January 23, 2006: Mr Thaksin’s relatives sell their controlling stake in Shin Corp, the telecoms empire he founded, to Temasek, the Singapore state investment firm. The tax-free $1.9 billion sale angers Bangkok’s middle classes and adds momentum to Mr Sondhi’s campaign.

February 24: Mr Thaksin calls a snap election on April 2, three years early and two days before a big anti-government rally.

February 27: Three main opposition parties announce an election boycott after Mr Thaksin rejects their demand for a neutral body to reform the constitution.

April 2: Election is held despite opposition boycott.

April 4: After a strong protest vote, Mr Thaksin meets revered King Bhumibhol Adulyadej, before announcing on national television that he will step down as soon as the next parliament meets.
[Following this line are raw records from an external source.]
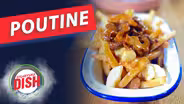 Watch LE MONT ROYAL Make Poutine with Mushrooms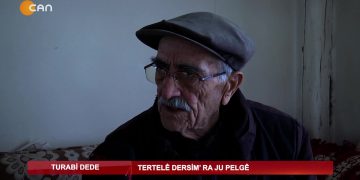 TURABİDEDE – TERTELE DERSİM RA JÜ PELGE – 11.02.2020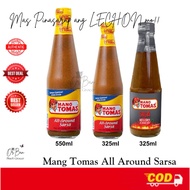 Mang Tomas All Around Sarsa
April 5: Mr Thaksin hands day-to-day power to his Deputy Prime Minister, Chidchai Vanasatidya.

April 26: The three main opposition parties say that they will stand in a new election if April 2 poll is annulled.

May 8: Constitutional Court rules that the election is unconstitutional and a new poll should be held.

May 23: Mr Thaksin takes back reins of power, saying it was time to get back work on economic and security issues.

May 30: Government sets election re-run for October 15. King of Thailand approves the re-run in late July saying he wants a swift end to the crisis.

July 20: Thai army chief unexpectedly re-assigns more than 100 middle-ranking officers thought to be supporters of Mr Thaksin, adding to rumours about divided army and possible coup.

September 19: Mr Thaksin declares a state of emergency after tanks surround Government House.